# Bitburger 5l Keg



## Wisey (1/8/09)

Just cracked a Bitburger 5L keg from Woolies for $25 bux. I like the flavour, very different to our local stuff - the hops are very interesting too. Anyone else like this or is this the XXXX of Germany?


----------



## Zwickel (1/8/09)

Wisey said:


> Just cracked a Bitburger 5L keg from Woolies for $25 bux. I like the flavour, very different to our local stuff - the hops are very interesting too. Anyone else like this or is this the XXXX of Germany?


Prost Wisey, Bitburger is one of the best German beers you can get. Bitburger has a high reputation over here, thats really a premium beer and also my personal favorite brand.

Cheers mate :icon_cheers:


----------



## iScarlet (1/8/09)

Wisey said:


> Just cracked a Bitburger 5L keg from Woolies for $25 bux. I like the flavour, very different to our local stuff - the hops are very interesting too. Anyone else like this or is this the XXXX of Germany?

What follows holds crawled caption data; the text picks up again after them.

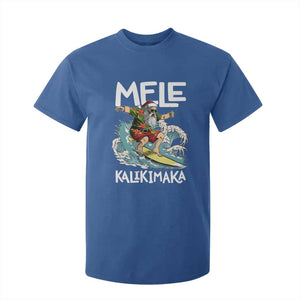 Christmas in Hawaii T Shirt For Kid Mele Kalikimaka Hawaiian Tropical Surfing Santa TS02 Royal Blue Print Your Wear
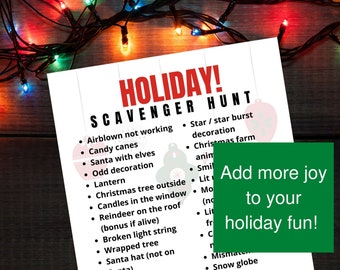 Holiday Neighborhood Scavenger Hunt Game (Digital Download)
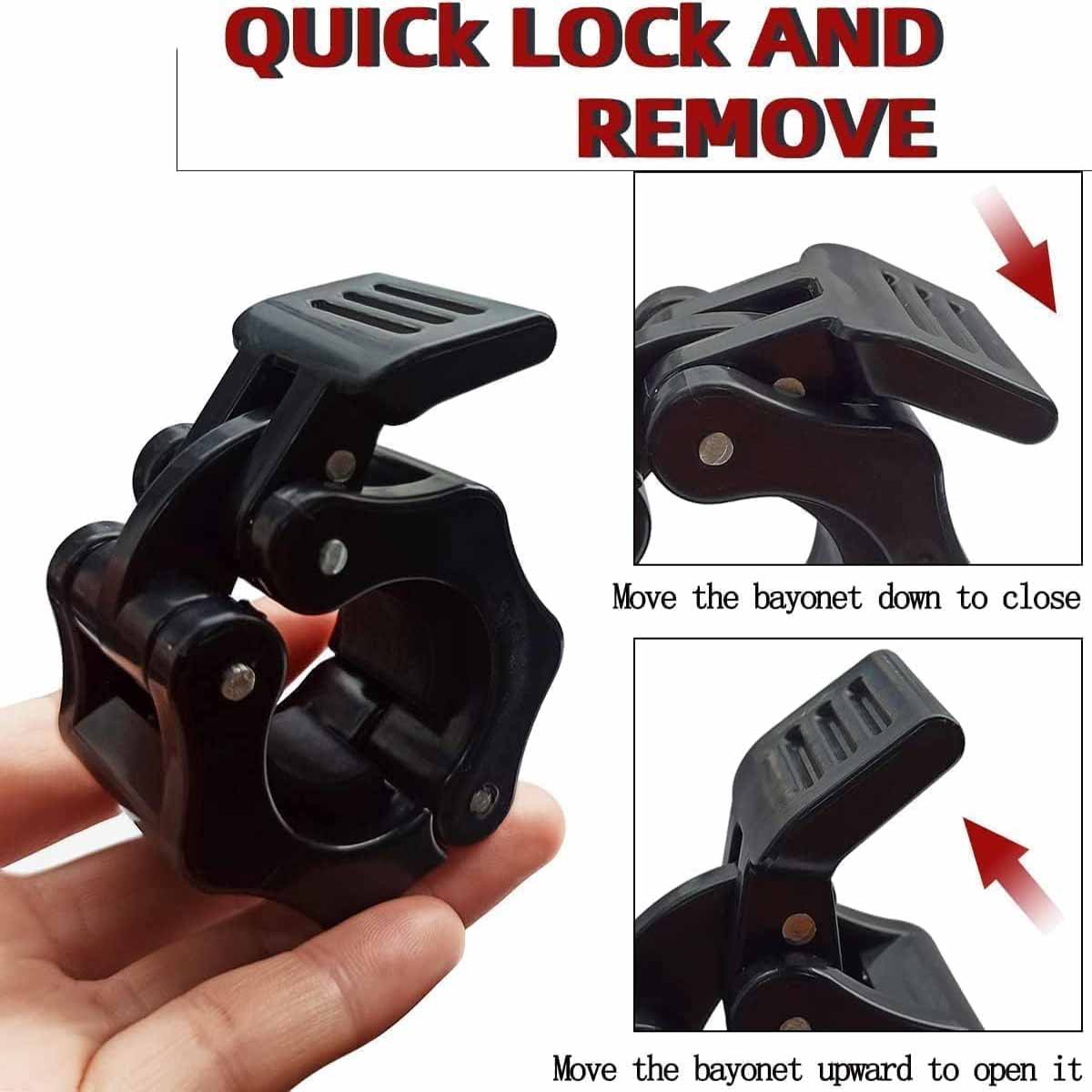 Automotive Repair & Speciality Tools: 2Pcs 1in / 25mm Dumbbell Clamps Barbell Clamps Collars Clips Bar Plates Collar Clips Black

Heh, in my pre-brew days this used to be the keg of choice for a barbeque if we were strapped for cash. I can't really remember the taste, but none of us were repulsed, quite the opposite... or maybe it was the novelty of the keg 

Between three of us I think we managed to polish off two in the afternoon.


----------



## Pumpy (1/8/09)

I am a bit of a Bitburger fan too going to Austria soon,

I wonder if they have it there ?

Pumpy


----------



## neonmeate (1/8/09)

bitburger's the best of the minikegs you can get i think. not a bad beer at all, nice and dry and fairly hoppy. i've knocked back a fair bit in my time. sorry didnt mean to make a bad pun. 
for dry, bitter german pilses i prefer jever, wernesgruner when you can find them, or weltenburger. trumer is ok too. also christoffel blond, although that is dutch. that stuff has the most incredibly fresh hop aroma. got some recently at platinum cellars that was very fresh.


----------



## manticle (1/8/09)

I bought one of those from my local supermarket some time ago (bitburger dark). The beer itself was lovely although I had trouble getting it all out of the keg.

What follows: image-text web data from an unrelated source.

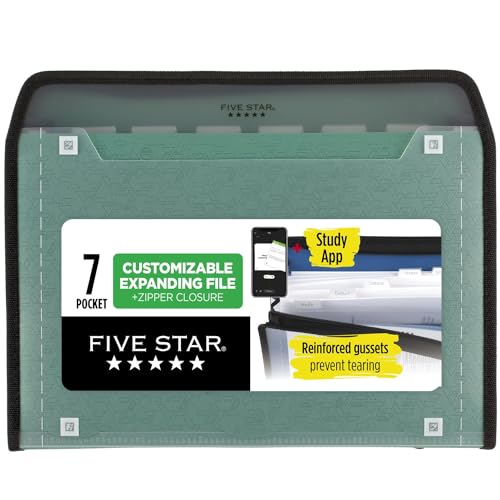 Five Star Expanding File Organizer + Study App, 7-Pocket Accordian File Organizer, Zipper Closure, Holds 11" x 8-1/2", Seaglass Green (350099C-ECM)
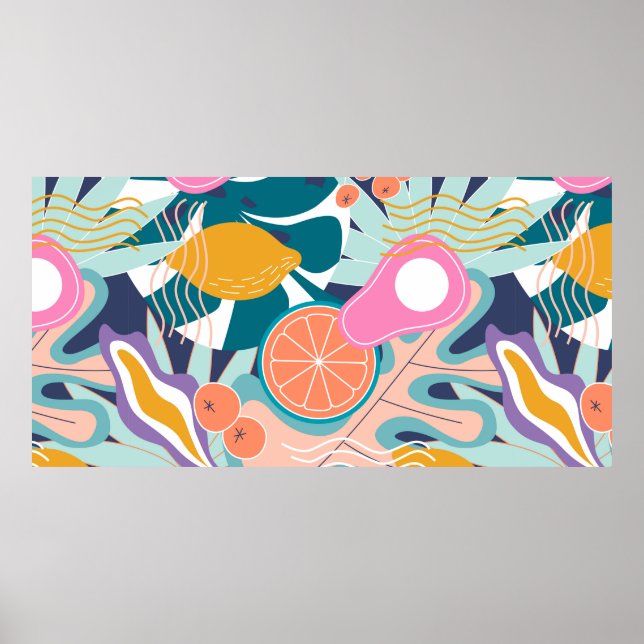 Collage moderne, floralnahtlose Muster. Moderne Au Poster (Vorne)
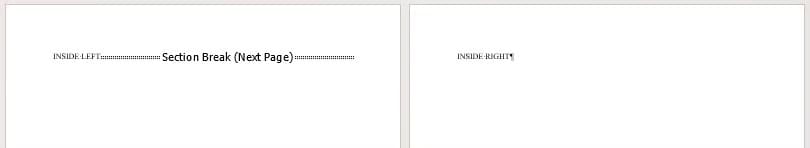 a-word-document-containing-two-pages-labeled-inside-left-and-inside-right-separated-by-section-breaks خطوات تصميم بطاقة عيد مميزة باستخدام Microsoft Word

If that's their xxxx then their xxxx is damn good.


----------



## Wisey (1/8/09)

Im enjoying it that much I've had to retype this sentence 6 times.


----------



## Zwickel (1/8/09)

Pumpy said:


> I am a bit of a Bitburger fan too going to Austria soon,
> 
> I wonder if they have it there ?
> 
> Pumpy


Pumpy, Im not sure you can get Bitburger in Austria, but I think you can. Anyway you can get good beer stuff everywhere in Europe. Id prefer to try out the local brewed beers at places where youre just staying.
That makes much more fun than drinking beers that you may get everywhere.

btw. Im also a Jever fan  

Prost :beer:


----------



## /// (1/8/09)

As a side thread - what do folks think of those 5l kegs. Would you buy a craft beer in them?

Sorry for the hijack ...

Scotty


----------



## neonmeate (1/8/09)

Zwickel said:


> btw. Im also a Jever fan



Jever is the best! 
Prost prost prost prost prost Kamerad
wir wollen einen Heben


----------



## Pollux (1/8/09)

I might have to grab me one of these next week while away on the Gold Coast.....

I've polished off a 5L of Konig Pilsner by myself in an afternoon/night. Only took 10 hours, and not a hint of a hangover the next day....


----------



## MCT (1/8/09)

/// said:


> As a side thread - what do folks think of those 5l kegs. Would you buy a craft beer in them?
> 
> Sorry for the hijack ...
> 
> Scotty




I reckon it's a top idea Scotty.


----------



## BEC26 (1/8/09)

A couple of weeks ago, our local BWS had then for $10 for 5l as they were close to end date. I checked the date 3 months to go!

Bought one to see how it went. tasted ok, but best if you have mates over for a night of footy, or if you plan on drinking 5l in one night.

It's a gravity fed keg and as such its like a 5l schooner. It loses it's sparkle the next day.

Cheers


----------



## rackemup (1/8/09)

''I've polished off a 5L of Konig Pilsner by myself in an afternoon/night. Only took 10 hours, and not a hint of a hangover the next day....''
[/quote]


Congratulations - your a pisshead. :lol:


----------



## Doogiechap (1/8/09)

/// said:


> As a side thread - what do folks think of those 5l kegs. Would you buy a craft beer in them?
> 
> Sorry for the hijack ...
> 
> Scotty



Probably for a once off novelty thing to share with a mate but not on an ongoing basis. I imagine it would be a challenge getting good distribution for that sort of thing ?


----------



## glaab (2/8/09)

Rack said:


> pfbbbbt, 10 hours?, maybe it evapourated :unsure:


----------



## bum (2/8/09)

glaab said:


> pfbbbbt, 10 hours?, maybe it evapourated :unsure:



SNAP!


----------



## RdeVjun (2/8/09)

A couple of years ago after a course of chemo, I got the green light to take a drink again and with the past experience of complete disappointment with megas in the forefront of my mind, I went to the largest bottle-o here in town a few times on a mission and lined up a heap of samples, a few local micros but mostly imported beers. Bitburger was one that stood out, and I drank it for a while and I'd probably still be drinking it if I didn't home brew now, particularly with it in a minikeg.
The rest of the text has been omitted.